WSJ re GOOG
By KEVIN J. DELANEY
Staff Reporter of THE WALL STREET JOURNAL
May 3, 2005; Page B8
Advertisers continue to aggressively increase spending on Internet ads, with close to half of them cutting spending on traditional channels to do so, according to a new survey from Forrester Research Inc.
Nearly 85% of advertisers plan to increase their online ad budgets this year, with the increases averaging 25%, according to a report the Cambridge, Mass., research company plans to release today. More than 40% of these advertisers are cutting spending on traditional ad vehicles such as magazines, newspapers, and direct mail to help fund the online increase, Forrester says. The report is based on recent surveys of 99 national advertisers who buy online ads.
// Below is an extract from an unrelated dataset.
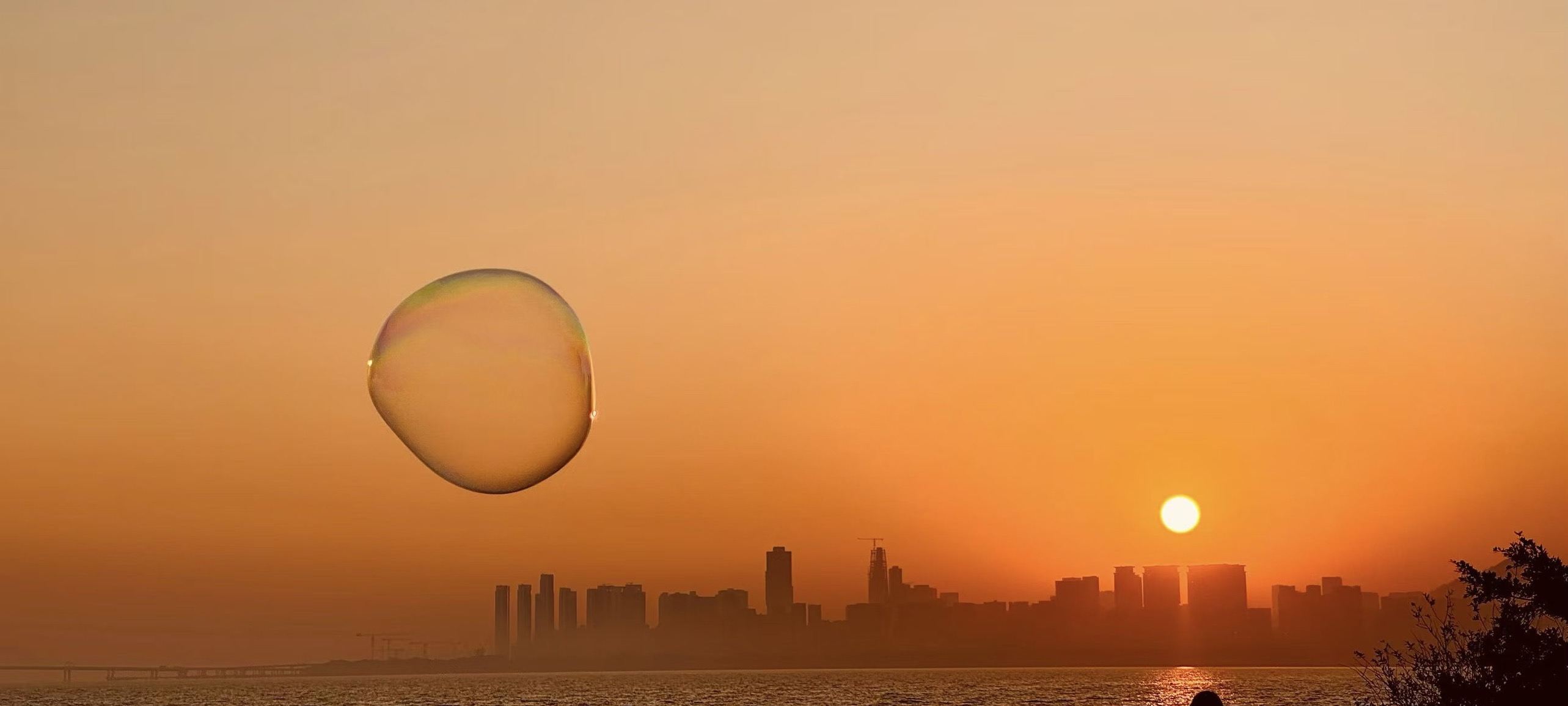 Ragdoll cat with AI-powered smart ring — Nbidea technology that feels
Forrester also surveyed Internet-related companies.
Forrester forecasts that the online-ad market will grow to $26 billion annually by 2010, more than double last year's $12 billion. The report follows recent blowout earnings from Google Inc. and other Internet companies reliant on ads.
Industry executives and analysts have disagreed over whether online's gains are coming at the expense of traditional media or whether they represented additional, incremental spending by advertisers. The answer, Forrester's survey suggests, is a little of both. A slight plurality of advertisers increasing their online spending, 47%, said they are doing so by boosting their overall budgets. Another 43% said they are cutting spending on other marketing outlets, with magazines, direct mail, and newspapers the most commonly cited.
Google last week said it would begin accepting additional types of display ads for the Web sites of other companies that hire Google to place ads. Google also announced new pricing and ad-targeting options, part of its effort to attract more brand advertising. Google and Yahoo Inc. both credited online-ad growth when they reported robust earnings two weeks ago.